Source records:
╭──

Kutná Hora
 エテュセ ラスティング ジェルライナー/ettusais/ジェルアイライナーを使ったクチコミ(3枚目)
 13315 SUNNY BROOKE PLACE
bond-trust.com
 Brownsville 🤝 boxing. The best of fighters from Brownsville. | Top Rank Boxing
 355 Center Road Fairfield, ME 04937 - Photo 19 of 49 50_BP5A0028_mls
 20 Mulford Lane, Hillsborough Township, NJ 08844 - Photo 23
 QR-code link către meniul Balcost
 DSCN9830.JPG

╰──

--- Aim of the task ---
Your response needs to restate the lines above exactly.

--- Problem solution ---
Kutná Hora
 エテュセ ラスティング ジェルライナー/ettusais/ジェルアイライナーを使ったクチコミ(3枚目)
 13315 SUNNY BROOKE PLACE
bond-trust.com
 Brownsville 🤝 boxing. The best of fighters from Brownsville. | Top Rank Boxing
 355 Center Road Fairfield, ME 04937 - Photo 19 of 49 50_BP5A0028_mls
 20 Mulford Lane, Hillsborough Township, NJ 08844 - Photo 23
 QR-code link către meniul Balcost
 DSCN9830.JPG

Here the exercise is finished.